— Exercise brief —
The whole listing below needs to be duplicated exactly, pictures aside.

— Dataset content —

_ _ _ _ _ _ _

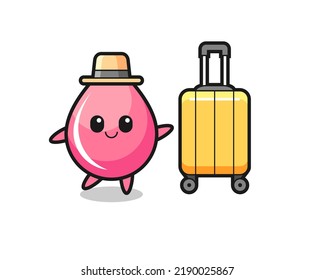 strawberry juice drop cartoon illustration with luggage on vacation , cute style design for t shirt, sticker, logo element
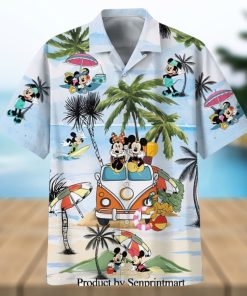 Mickey And Minnie Summer Car Trip Full Printing Hawaiian Shirt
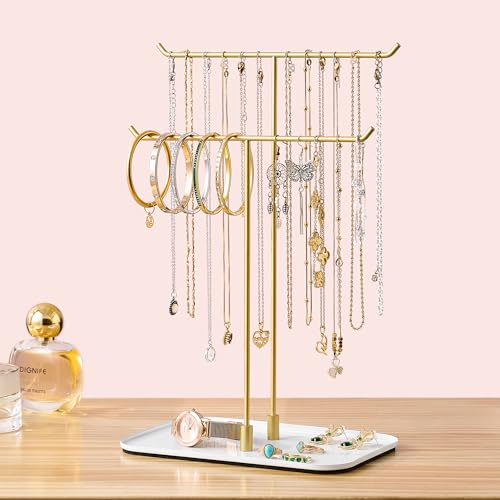 bussdis Gold Jewelry Organizer Necklace Holder Stand 2Tier TBar Display with White Metal Tray Holds Necklaces Bracelets Earrings Countertop Jewelry Tree - Image 1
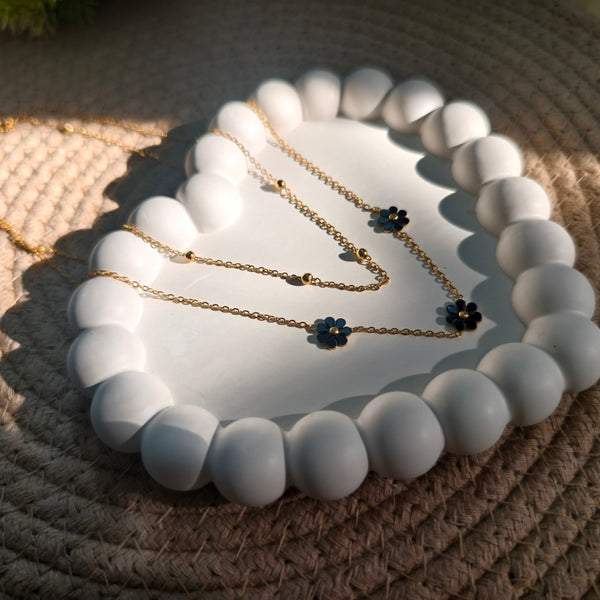 Two-Layer Black Flower Pendant Chain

_ _ _ _ _ _ _

— Solution below —
 strawberry juice drop cartoon illustration with luggage on vacation , cute style design for t shirt, sticker, logo element
 Mickey And Minnie Summer Car Trip Full Printing Hawaiian Shirt
 bussdis Gold Jewelry Organizer Necklace Holder Stand 2Tier TBar Display with White Metal Tray Holds Necklaces Bracelets Earrings Countertop Jewelry Tree - Image 1
 Two-Layer Black Flower Pendant Chain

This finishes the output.